FILE: Electoral officials check election documents, at the Local Independent National Electoral Commission office in Yola, Nigeria Sunday, Feb. 26, 2023. People are still voting across Nigeria, one day after the polls opened to vote for presidential and parliamentary elections.

UPDATED WITH AFP BACKING REUTERS ON OBI LAGOS WIN: Nigeria's electoral commission began announcing state-by-state results in the national elections on Sunday, though it is not expected to name a victor in the race to succeed President Muhammadu Buhari for several days.

With no clear winner still at-hand, Nigeria election officials continue counting ballots Monday following Saturday's vote-casting.

Both Reuters and Agence France-Presse report that Nigerian presidential candidate Peter Obi, whose campaign attracted young people and urban voters fed up with corrupt politics, won most votes in the commercial hub of Lagos state, where Africa's biggest city is located.

Obi of the Labor Party got 582,454 votes, just ahead of 572,606 for former Lagos governor Bola Tinubu for the governing All Progressives Congress party, electoral commission data showed on Monday. Lagos was previously Tinubu's main stronghold.

Atiku Abubakar of the main opposition People's Democratic Party (PDP) got 75,750 votes.

On Sunday, Nigeria's Independent National Electoral Commission (INEC) said APC's Tinubu won small, southwestern Ekiti state with PDP's Abubakar coming in second.

The early result in one state for APC's Tinubu was very preliminary in a country almost equally divided between a mostly Muslim north and a predominantly Christian south and with three main ethnic groups in different regions.

Tinubu and Abubakar are old guard figures who have fought off past corruption accusations, but the emergence of Obi - a Christian ethnic Igbo from the southeast - threw the race open.

The race has some analysts forecasting a runoff between the two frontrunners if no candidate meets election requirements - a first in Nigeria's history. It would have to be organized within 21 days.

Voting is usually determined by large key states such as Lagos and northwestern Kano and Kaduna.

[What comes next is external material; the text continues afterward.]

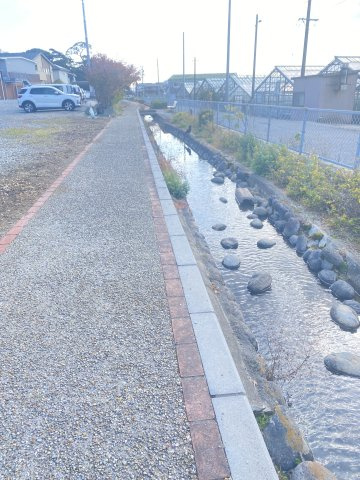 ヴィラ・メープルの周辺|すぐ近くにお散歩道が整備されています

To win the presidency, a candidate must get the most votes, but also win at least 25 percent of votes cast in two-thirds of Nigeria's 36 states to reflect broad representation.

Nigeria's police force on Monday urged presidential candidates to "caution their party stalwarts and supporters to avoid making inciting comments."

Nearly 90 million were eligible to vote on Saturday for a successor to President Muhammadu Buhari, with many hoping for a new leader to tackle insecurity, economic malaise and widening poverty.

Voting on Saturday was mostly peaceful, but thugs ransacked some polling stations and many others opened very late in Lagos and other cities. Many voters stayed overnight to watch over the initial count at polling stations.

This report was sourced from Reuters and Agence France-Presse.